Provided information section start
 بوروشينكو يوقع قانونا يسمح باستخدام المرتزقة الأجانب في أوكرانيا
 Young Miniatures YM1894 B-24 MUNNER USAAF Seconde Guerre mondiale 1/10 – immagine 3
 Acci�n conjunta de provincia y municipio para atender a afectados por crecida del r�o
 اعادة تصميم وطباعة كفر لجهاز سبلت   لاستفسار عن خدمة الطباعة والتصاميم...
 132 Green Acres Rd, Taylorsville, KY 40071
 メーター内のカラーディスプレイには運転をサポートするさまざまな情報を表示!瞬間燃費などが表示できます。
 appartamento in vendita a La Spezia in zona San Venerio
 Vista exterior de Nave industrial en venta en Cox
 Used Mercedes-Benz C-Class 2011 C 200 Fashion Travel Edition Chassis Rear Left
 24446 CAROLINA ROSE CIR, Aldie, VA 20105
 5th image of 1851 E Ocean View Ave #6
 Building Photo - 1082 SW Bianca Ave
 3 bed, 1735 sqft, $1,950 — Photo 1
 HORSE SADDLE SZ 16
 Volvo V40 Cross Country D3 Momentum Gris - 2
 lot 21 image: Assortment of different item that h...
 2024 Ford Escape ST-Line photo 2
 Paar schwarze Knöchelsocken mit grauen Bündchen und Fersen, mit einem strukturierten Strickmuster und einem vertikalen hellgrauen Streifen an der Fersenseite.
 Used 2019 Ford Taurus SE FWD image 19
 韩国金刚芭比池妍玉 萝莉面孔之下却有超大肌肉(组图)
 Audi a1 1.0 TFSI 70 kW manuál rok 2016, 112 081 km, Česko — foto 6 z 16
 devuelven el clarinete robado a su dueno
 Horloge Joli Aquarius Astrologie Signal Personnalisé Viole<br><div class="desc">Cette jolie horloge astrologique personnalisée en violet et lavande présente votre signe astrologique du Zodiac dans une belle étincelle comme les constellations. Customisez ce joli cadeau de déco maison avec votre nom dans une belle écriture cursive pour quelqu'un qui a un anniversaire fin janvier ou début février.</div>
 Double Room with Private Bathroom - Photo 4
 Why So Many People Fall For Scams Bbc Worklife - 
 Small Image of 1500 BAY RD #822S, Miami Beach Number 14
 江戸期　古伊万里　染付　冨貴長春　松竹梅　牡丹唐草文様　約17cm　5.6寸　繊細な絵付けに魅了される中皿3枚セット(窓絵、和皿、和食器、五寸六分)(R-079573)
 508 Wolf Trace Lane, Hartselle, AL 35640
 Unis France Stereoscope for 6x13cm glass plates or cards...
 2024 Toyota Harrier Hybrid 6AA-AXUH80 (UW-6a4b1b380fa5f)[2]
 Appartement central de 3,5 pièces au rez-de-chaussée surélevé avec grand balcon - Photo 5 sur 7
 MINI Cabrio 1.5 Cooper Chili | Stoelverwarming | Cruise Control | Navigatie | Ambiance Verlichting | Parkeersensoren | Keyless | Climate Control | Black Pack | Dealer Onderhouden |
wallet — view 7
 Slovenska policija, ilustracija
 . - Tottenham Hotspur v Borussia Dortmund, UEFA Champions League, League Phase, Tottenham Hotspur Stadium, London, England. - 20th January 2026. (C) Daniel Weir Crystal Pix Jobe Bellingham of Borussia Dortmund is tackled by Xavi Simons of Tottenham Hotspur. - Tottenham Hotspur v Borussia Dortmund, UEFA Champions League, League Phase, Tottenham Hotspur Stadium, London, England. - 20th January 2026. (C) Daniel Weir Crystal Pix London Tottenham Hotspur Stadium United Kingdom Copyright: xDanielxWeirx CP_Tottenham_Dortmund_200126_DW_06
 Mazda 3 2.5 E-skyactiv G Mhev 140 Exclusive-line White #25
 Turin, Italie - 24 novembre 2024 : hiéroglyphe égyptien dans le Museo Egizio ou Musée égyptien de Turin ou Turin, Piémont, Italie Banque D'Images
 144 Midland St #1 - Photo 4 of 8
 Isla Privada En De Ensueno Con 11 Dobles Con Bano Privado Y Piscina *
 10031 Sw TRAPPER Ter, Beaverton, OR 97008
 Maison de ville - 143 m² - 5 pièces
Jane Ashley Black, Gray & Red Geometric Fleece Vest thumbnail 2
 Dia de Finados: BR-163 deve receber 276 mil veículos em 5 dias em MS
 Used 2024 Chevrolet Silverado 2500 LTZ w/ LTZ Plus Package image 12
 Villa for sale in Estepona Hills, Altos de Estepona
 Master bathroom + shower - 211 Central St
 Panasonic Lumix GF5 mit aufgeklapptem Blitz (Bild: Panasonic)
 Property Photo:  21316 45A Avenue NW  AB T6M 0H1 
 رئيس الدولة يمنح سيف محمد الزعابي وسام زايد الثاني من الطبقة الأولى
Provided information section end
## To do
Could you restate word for word the lines above from the one containing "Audi a1 1.0" through the one containing "devuelven el clarinete robado a su dueno", both included, and nothing else?

## Solution
 Audi a1 1.0 TFSI 70 kW manuál rok 2016, 112 081 km, Česko — foto 6 z 16
 devuelven el clarinete robado a su dueno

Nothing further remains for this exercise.